So, there are a lot of good reasons for us to go to multiprocessing; and one of the major implications was that it was not strictly required for Kubernetes, but we really wanted to have it for Kubernetes because in Kubernetes you need an Ingress Controller and it would be nice to just touch one configuration file there. Multithreading is something that we really wanted. It worked flawlessly without HTTPS. Remember, we had HTTP on the backend side, solely HTTP. There we were running from version 1.8 without any issues. This was really nice, although now it’s stable in 1.9r1; but it proved to be challenging when we enabled HTTP/2 or h2; Challenging in terms of undesired behavior. I’m going to get into detail of what happened there at a later slide.

6.-challenge-3-kubernetes

Then we wanted to have Kubernetes. Kubernetes is cool. Everyone wants to use it and there are certain requirements that you have to pull off in terms of what you need on your load balancing infrastructure to actually do that. One was the Ingress Controller. So, you needed an Ingress Controller. We are not running HAProxy as a sidecar container within Kubernetes. This is bare metal, we have two machines, which are actually active-active because we are…but consider it active-standby with Keepalived between them. We needed an Ingress Controller to actually do this. We also needed hitless reloads because if you’re dealing with Kubernetes, you will get a lot of configuration changes if there are a lot of deployments and if you’re thinking about continuous delivery, then you really need to have hitless reloads to do that.

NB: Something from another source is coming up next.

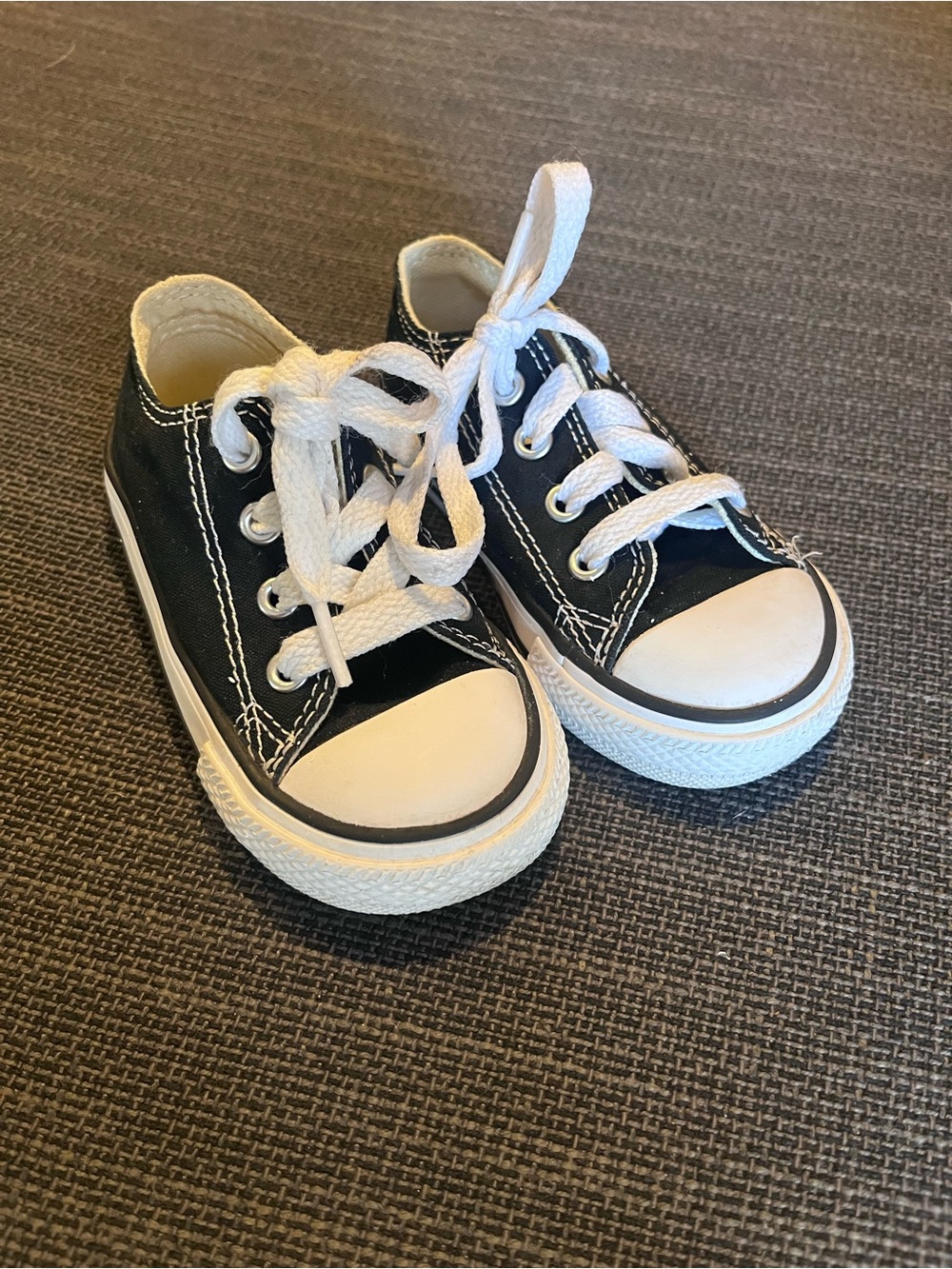 Black & White Low Top Converse - 5C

Also, one thing that I really took care to have is a guaranteed syntax correctness. So, at any point in time I wanted to have a reloadable, restartable configuration at the host machines. You might think, how can it happen that it’s not that way? The solution for these problems is actually quite simple. In HAProxy 1.9 hitless reloads were introduced. Yay! We immediately switched to 1.9. It was a good decision and we finally were able to put everything in one process, have one configuration file where everything is there and go for Kubernetes.

In Kubernetes we have a self-written Ingress Controller. So, we are not on 2.0 yet, but it’s definitely something we will have a look into. Until now we’re using self-written Ingress Controller. It’s also written in Go, it works pretty nice, but does not support everything you could do in a Kubernetes Ingress itself. There are certain things missing there.

We’re using optional backends. What does this mean? Usually if you have a configuration you have some IP address. We do it like this. That’s an ACL. We bind all the IP addresses in a list. It’s not that many. You have an IP address; Hey, if the destination addresses is this, then use this backend k8sapp. If you just put it there, the below configuration is generated.

We include two configuration files: One is the main configuration; One is the configuration provided by the Ingress Controller. If you do it like this and you simply use use_backend Kubernetes app and someone decides to un-expose the service, then the backend is deleted and you cannot reload HAProxy again or restart again because it’s a syntax error, because you have a backend used that’s not there. If you do it like this it won’t work, but everything else will work and that’s the thing that we go for. I don’t know if there’s a better solution. Probably there is, but that’s what we came up with. I don’t know, you know how it is. You have a problem, you find a solution, it works, you keep it that way.

7.-challenge-4-http2

Challenge 4, the second to last challenge that we had to tackle, was we wanted to go for HTTP/2. HTTP 2.0 was really something that we had in mind of using, of course, because it’s more efficient, because if you don’t know much about it, the major difference is that there are way less connections from a client to a server and multiple requests can be dealt with over a single TCP connection. That’s the major point here. Of course, it reduces latency because the TCP connection does not have to be established in the first place. So, it’s really efficient and it’s the future, so we really wanted to go for it.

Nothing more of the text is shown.